DATASET EXTRACT:
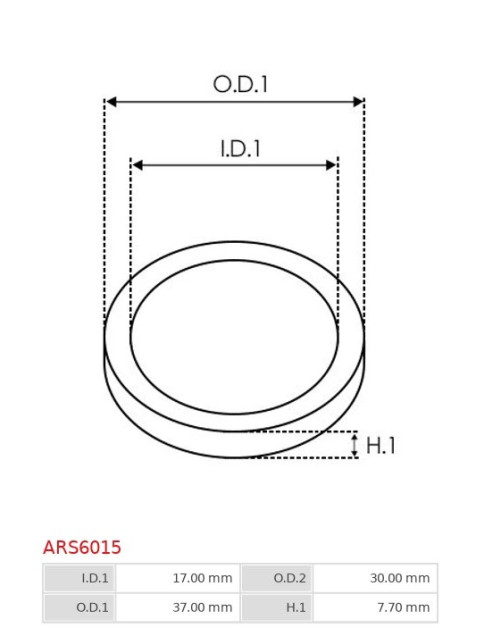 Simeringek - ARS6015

---

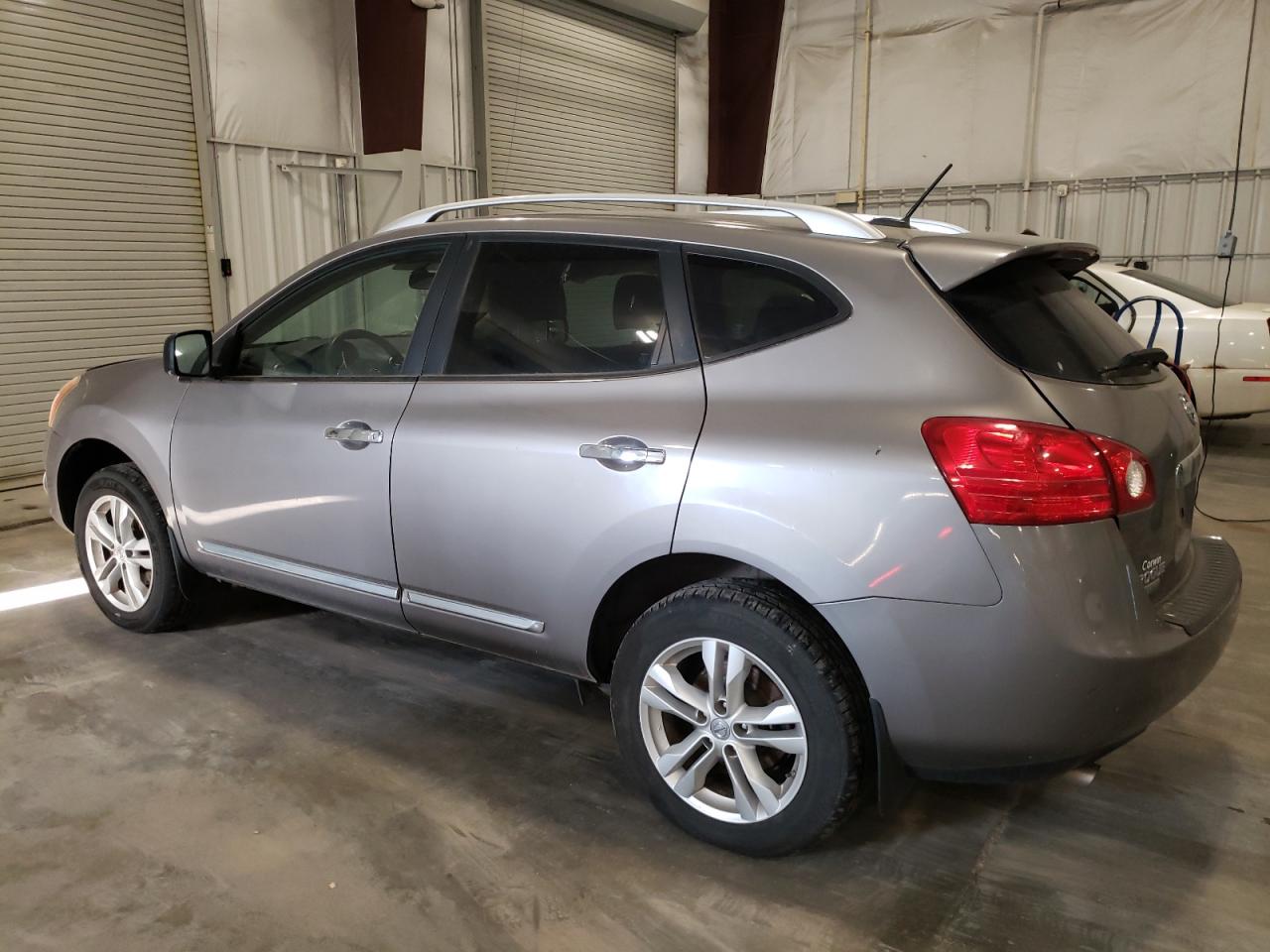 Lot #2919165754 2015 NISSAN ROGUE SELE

...

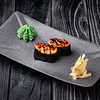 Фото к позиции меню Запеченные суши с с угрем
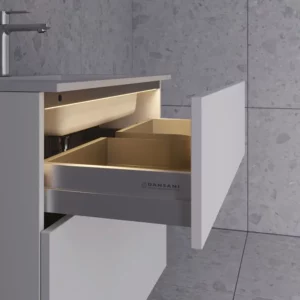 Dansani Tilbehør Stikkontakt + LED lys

PROBLEM STATEMENT: Within the listing above, print exactly the stretch beginning at the line that contains "Фото к позиции" and finishing at the line that contains "Dansani Tilbehør Stikkontakt + LED lys", ends kept, pictures left out, and nothing more.

EXPECTED ANSWER:
 Фото к позиции меню Запеченные суши с с угрем
 Dansani Tilbehør Stikkontakt + LED lys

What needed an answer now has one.